My understanding was: If you add up FDI inflows and trade surplus, the sum should be reserve growth. If it is not, the difference is either hot money inflow or outflow.
You stated that according to numbers that are credible in your assessment, there should have been hot money outflow from China in h2. Clearly there are indications otherwise, which creates the puzzle.
My thought was, what if there was hot money inflow, but the gap can be explained by the trade surplus number being wrong.
I started reading this blog because I cannot make sense of the numbers one reads everywhere, and the supposed effects thereof.
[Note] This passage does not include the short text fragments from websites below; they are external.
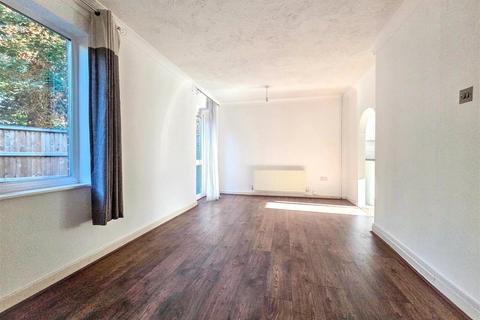 3 bedroom end of terrace house to rent, Dogwood Road, Norwich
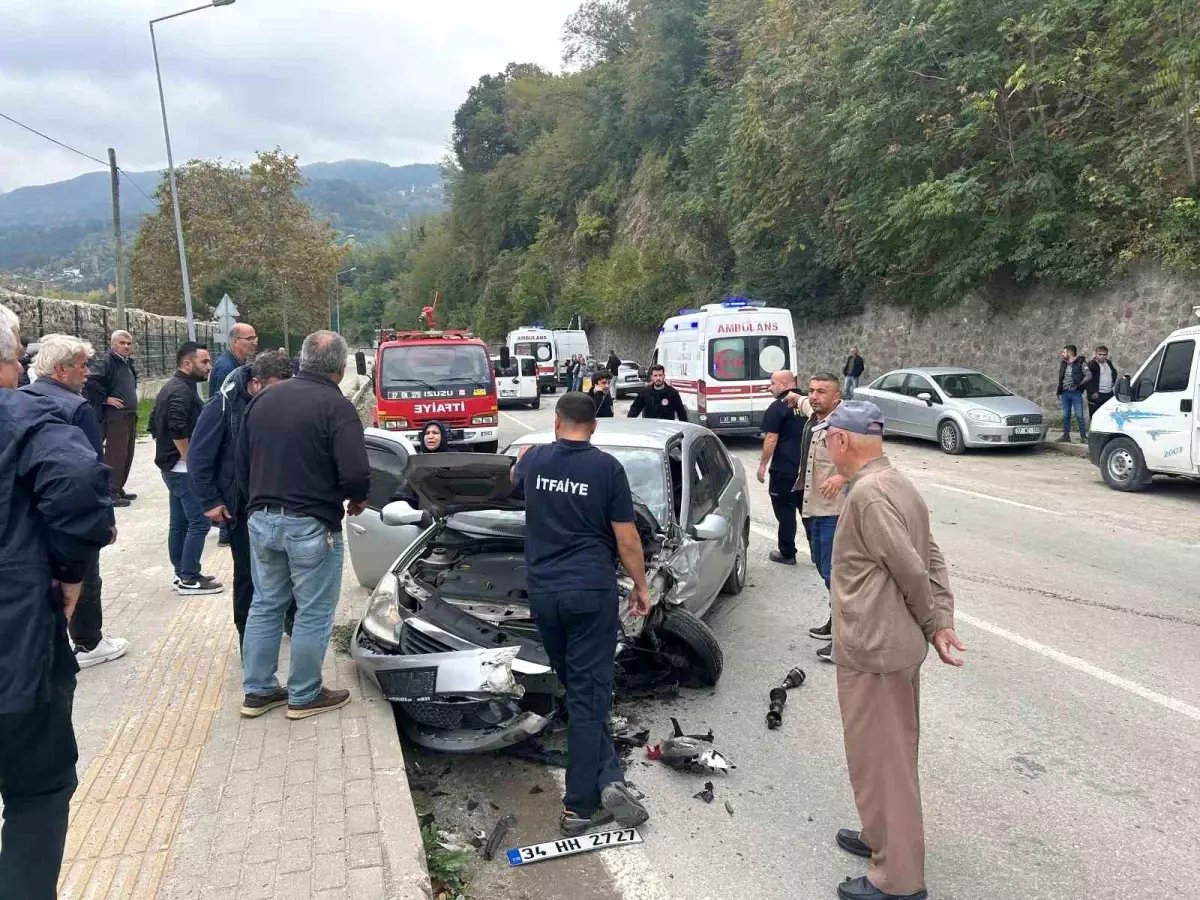 Kastamonu'da Otomobil Kazasında 4 Yaralı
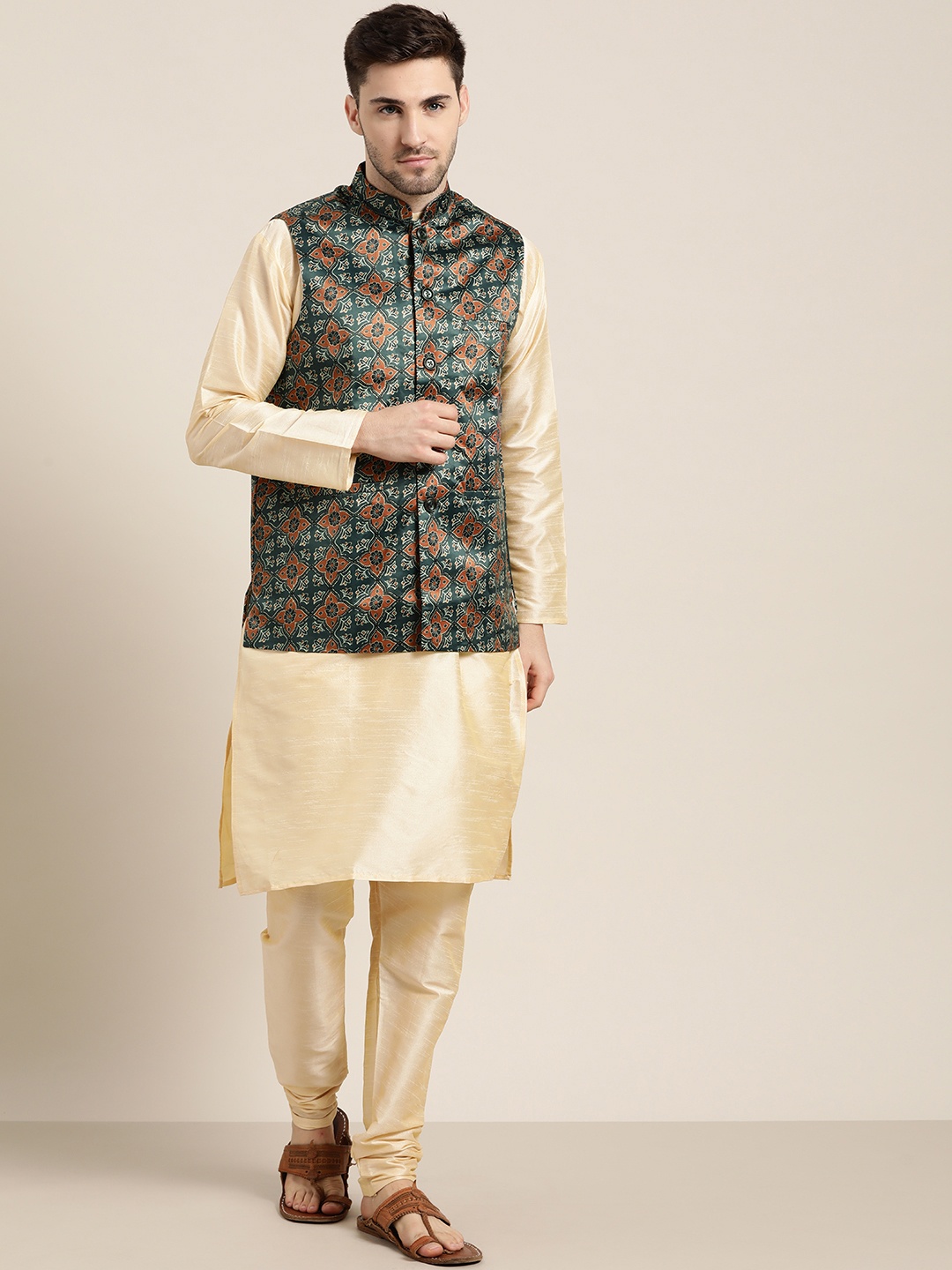 

SOJANYA Men Beige & Green Solid Kurta with Churidar & Printed Nehru Jacket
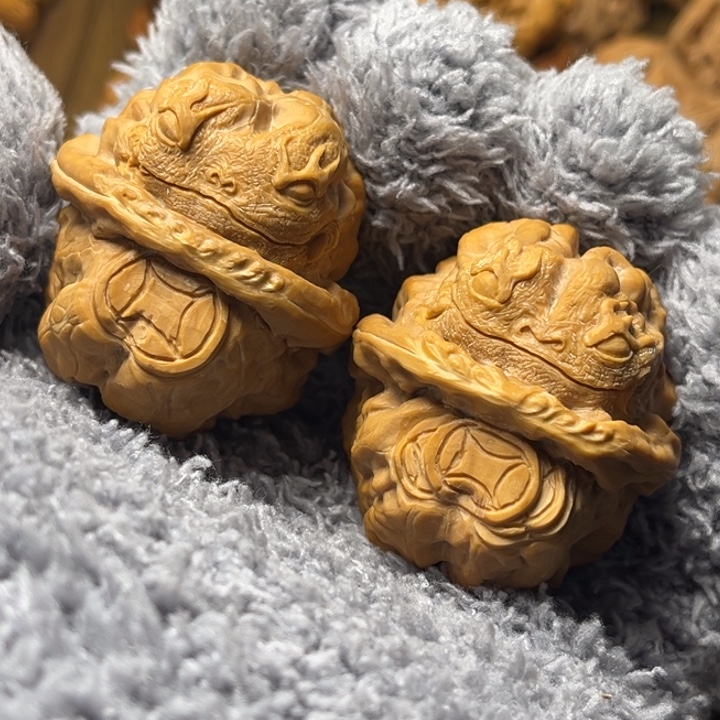 文玩核桃把件蛤蟆头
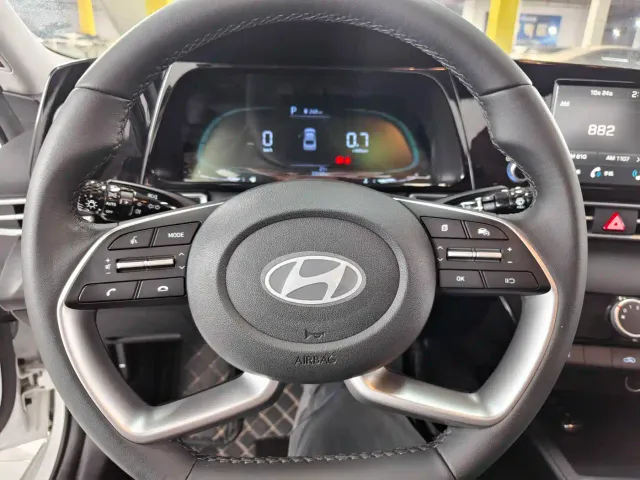 Hyundai Elantra — Фото автомобиля 10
Recently I was shocked to note that there is apparently not even a consensus among experts whether China and Japan run a trade surplus or deficit, and that US and Japan official numbers contradict each other. I would also have thought that experts are clear whether hot money was flowing in or out of China in 2006. Not that these things are irrelevant…
My gut feeling tells me that there is something seriously wrong with Chinese numbers. I find it very hard to believe that Chinese exports are exploding so dramatically. The Western textile, toy and shoe markets are already saturated with Chinese products so that drastic growth rates seem improbable. Exports in higher levels of the value chain are subject of much talk, but I do not see floods of Chinese mobile phones or cars anywhere in my neighbourhood. And although some fools are still streaming into China, the real big industrial players have stopped major investments about three years ago, so that foreign-invested export growth should also start to slow.